Like all analysis of investment values, picking your dates and markets carefully can change the outcome. Stock market analysis can be misleading because most backward looking studies don’t include companies that went bankrupt or were delisted. That said, it does appear that a lot of people (some I know, some are strangers) buy more house than they need, want, or use. I remember somebody asking me why I didn’t buy a larger house and they were shocked when I told them I didn’t have time to clean another 1000sqft and would have to hire a second house cleaner if I had more space and more bathrooms.

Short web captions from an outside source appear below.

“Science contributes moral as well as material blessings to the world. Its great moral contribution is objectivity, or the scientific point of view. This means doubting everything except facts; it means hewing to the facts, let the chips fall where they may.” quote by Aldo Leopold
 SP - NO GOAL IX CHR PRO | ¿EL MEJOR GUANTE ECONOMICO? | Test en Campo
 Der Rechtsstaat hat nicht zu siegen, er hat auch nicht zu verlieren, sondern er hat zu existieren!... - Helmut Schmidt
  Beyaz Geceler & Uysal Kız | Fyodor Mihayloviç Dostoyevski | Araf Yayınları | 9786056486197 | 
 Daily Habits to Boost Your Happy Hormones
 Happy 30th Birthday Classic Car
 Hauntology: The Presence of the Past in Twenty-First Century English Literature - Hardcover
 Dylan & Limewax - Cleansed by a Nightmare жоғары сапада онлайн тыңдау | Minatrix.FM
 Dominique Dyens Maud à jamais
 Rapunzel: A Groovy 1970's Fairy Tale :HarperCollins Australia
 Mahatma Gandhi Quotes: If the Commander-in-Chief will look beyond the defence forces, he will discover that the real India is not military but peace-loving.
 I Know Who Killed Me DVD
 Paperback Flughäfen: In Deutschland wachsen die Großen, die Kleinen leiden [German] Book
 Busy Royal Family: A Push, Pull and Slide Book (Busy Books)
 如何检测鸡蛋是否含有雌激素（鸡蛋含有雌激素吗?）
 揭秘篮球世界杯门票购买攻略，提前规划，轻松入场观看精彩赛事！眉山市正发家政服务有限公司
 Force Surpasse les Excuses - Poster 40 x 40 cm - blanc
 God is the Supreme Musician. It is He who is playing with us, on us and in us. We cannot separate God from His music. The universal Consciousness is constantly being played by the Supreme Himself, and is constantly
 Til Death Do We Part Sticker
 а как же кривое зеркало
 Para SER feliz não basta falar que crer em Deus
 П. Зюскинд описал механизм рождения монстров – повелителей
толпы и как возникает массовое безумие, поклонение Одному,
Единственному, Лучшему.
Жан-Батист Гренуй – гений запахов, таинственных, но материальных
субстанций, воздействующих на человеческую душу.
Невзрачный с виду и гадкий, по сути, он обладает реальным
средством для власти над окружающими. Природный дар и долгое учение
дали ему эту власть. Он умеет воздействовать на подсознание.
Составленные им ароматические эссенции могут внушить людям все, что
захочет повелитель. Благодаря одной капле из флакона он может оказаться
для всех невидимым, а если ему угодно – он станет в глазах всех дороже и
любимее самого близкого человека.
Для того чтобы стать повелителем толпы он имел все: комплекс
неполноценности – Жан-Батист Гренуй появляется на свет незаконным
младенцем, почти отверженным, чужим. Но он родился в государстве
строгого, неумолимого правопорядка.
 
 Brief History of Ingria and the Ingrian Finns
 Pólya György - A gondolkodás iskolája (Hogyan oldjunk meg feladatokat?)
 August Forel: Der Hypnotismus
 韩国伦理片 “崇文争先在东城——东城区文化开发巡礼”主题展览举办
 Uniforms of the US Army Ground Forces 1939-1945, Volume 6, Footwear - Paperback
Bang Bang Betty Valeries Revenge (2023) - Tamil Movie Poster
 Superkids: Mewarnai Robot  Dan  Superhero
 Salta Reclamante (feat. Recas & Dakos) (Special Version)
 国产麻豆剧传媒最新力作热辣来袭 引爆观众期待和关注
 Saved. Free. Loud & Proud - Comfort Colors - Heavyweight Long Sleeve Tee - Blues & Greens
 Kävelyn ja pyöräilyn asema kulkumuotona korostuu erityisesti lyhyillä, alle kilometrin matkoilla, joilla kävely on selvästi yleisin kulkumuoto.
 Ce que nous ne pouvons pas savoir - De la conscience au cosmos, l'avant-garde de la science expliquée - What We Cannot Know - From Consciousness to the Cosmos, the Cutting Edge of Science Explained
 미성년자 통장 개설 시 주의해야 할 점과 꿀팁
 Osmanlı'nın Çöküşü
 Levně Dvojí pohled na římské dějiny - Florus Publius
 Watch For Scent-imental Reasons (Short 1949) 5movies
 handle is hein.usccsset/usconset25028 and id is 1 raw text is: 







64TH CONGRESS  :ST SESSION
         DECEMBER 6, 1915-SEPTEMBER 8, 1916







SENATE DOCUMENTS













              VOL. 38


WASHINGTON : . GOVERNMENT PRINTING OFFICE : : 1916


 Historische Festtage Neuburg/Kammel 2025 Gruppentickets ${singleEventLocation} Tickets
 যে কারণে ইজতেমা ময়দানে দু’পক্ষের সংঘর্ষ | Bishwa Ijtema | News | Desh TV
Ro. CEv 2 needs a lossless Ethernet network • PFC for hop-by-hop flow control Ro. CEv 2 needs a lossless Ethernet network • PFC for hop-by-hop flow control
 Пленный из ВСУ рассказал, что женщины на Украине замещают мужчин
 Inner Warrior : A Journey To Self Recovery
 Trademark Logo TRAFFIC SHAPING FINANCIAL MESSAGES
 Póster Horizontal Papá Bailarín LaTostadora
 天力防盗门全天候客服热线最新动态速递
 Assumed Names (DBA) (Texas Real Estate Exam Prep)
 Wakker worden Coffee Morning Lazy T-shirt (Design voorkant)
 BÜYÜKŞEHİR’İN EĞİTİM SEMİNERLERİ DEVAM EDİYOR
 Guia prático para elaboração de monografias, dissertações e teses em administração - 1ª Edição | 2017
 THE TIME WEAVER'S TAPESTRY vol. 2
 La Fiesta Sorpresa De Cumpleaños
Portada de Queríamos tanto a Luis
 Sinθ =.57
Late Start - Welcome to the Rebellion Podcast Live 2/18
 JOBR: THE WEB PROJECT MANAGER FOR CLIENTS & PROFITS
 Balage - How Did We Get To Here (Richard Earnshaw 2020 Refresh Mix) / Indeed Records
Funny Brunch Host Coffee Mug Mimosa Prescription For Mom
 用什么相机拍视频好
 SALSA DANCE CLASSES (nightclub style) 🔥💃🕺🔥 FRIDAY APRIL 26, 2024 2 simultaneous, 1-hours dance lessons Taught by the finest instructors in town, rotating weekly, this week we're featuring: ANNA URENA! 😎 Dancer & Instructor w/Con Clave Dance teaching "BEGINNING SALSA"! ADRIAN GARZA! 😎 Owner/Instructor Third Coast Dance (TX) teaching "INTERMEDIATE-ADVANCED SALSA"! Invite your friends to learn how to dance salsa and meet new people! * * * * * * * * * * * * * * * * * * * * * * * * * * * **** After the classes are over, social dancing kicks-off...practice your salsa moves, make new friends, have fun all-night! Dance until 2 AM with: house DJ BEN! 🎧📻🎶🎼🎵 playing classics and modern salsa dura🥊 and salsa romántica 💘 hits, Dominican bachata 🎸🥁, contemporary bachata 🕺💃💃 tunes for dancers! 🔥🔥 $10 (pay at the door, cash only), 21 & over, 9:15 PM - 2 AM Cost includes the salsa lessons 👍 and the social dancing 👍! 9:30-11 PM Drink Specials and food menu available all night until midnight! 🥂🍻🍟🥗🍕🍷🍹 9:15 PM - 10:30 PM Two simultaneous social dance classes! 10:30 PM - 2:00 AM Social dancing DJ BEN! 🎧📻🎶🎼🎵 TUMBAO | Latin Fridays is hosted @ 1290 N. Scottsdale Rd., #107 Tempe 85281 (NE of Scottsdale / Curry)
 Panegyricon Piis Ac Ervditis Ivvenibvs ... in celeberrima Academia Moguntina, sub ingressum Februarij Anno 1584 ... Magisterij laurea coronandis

This piece is trying to tackle two issues at once– financial planning and excessive consumption… while they are related issues, I found the author didn’t really make a coherent statement or a statement that followed from his financial reasoning. Of course, we’ve got tons of people with investment accounts and credit card debt– though those investment accounts will never make the 25-35+% effective rate that is charged on the credit card debt, people will hold onto their investments instead of paying off their debts. Telling people to be prudent with their expenses is like trying to stop the wind from blowing.

Buying a home allows access to large-scale loans, and therefore leverage. I can buy a $500,000 home but I cannot buy $500,000 of stock.

If you are putting 10% down, $50,000 gets you that $500,000 house. That rises to $5,000,0000 over the 40 years.

Of course (tax-deductable) interest must be paid and the original $450,000 principle. But I would think is that this still tops putting this money and the original $50,000 in the S&P and paying taxes on dividends each year.

Did the analysis take these factors into account?

I sold my big house in the country 10 years ago and moved to an affordable condominium. I have been able to save thousands of dollars each month and I will retire early in three years. I have more time for leisure now because of little or no maintenance, and no mowing the lawn. Big houses are a wast of time and money. Live simply, live well. Life is too short to do otherwise.

Condos maintenance costs are pure waste as well.

In NYC they range from $500-5000/month…..

and that is money right out the window as it goes to pay condo boards, doormen, trash, lobby x-mas trees….no tex deduct there.